Syntax highlighting and CSS support added to wordinserter

I recently added syntax highlighting and support for CSS stylesheets to wordinserter, and the implementation was satisfying enough that I thought I would blog about it.

Wordinserter is a library I maintain that lets you insert HTML documents/snippets into Word documents: It’s primary use case is when you have a WYSIWYG editor in a users browser that outputs HTML and you want to put that HTML into some kind of word document. I guess you could say it inserts things… into word.
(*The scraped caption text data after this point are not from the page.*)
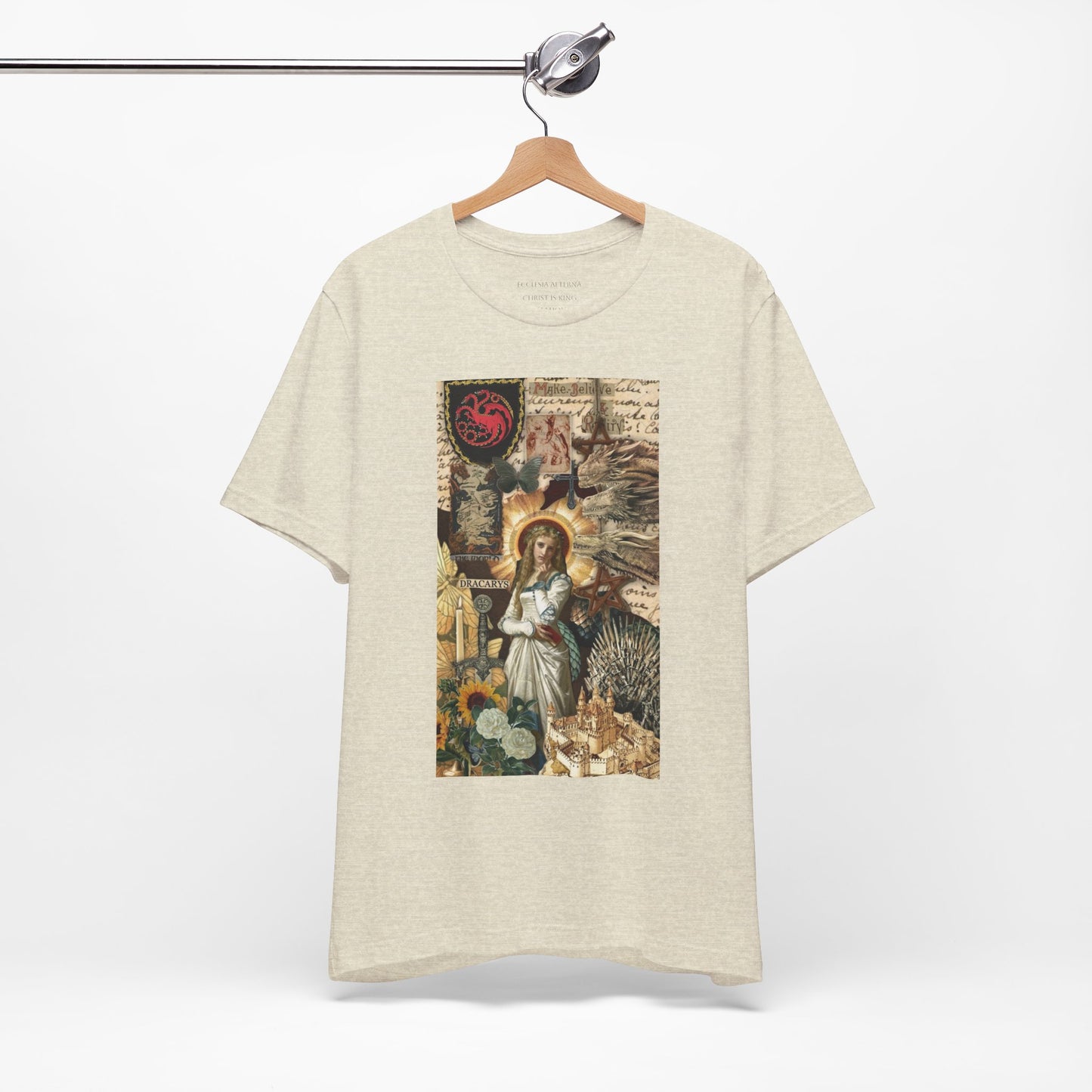 Dracarys Short Sleeve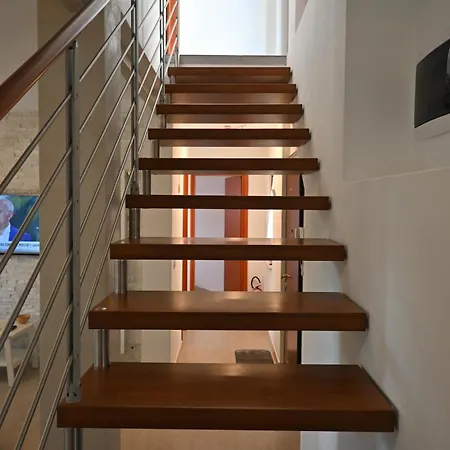 Dom wakacyjny Borgo Tullio, A Pochi Passi Da Udine Tricesimo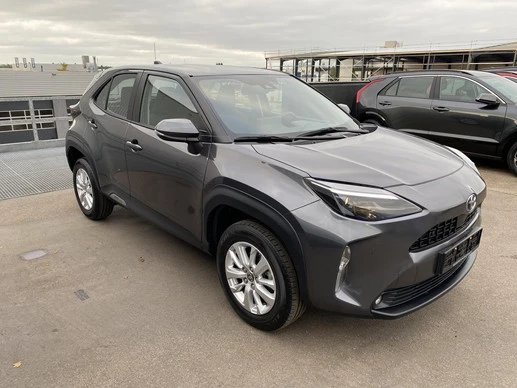 Toyota Yaris Cross - Afbeelding 7 van 30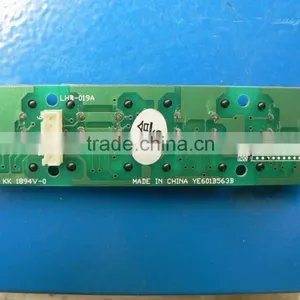 Original Elevator Push Buttons,LHB-019A thumbnail-2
Doing this with wordinserter is as simple as:

from wordinserter import parse, insert

html = "<h1>Hello there!</h1>"\
       "<p><strong>I'm strong!</strong></p>"
operations = parse(html, parser="html")
insert(operations, document=document, constants=constants)

You can read some more examples and documentation on the Github project here: https://github.com/orf/wordinserter, and you can see comparison images between how Firefox and wordinserter renders particular HTML snippets here: https://rawgit.com/orf/wordinserter/master/Tests/report.html.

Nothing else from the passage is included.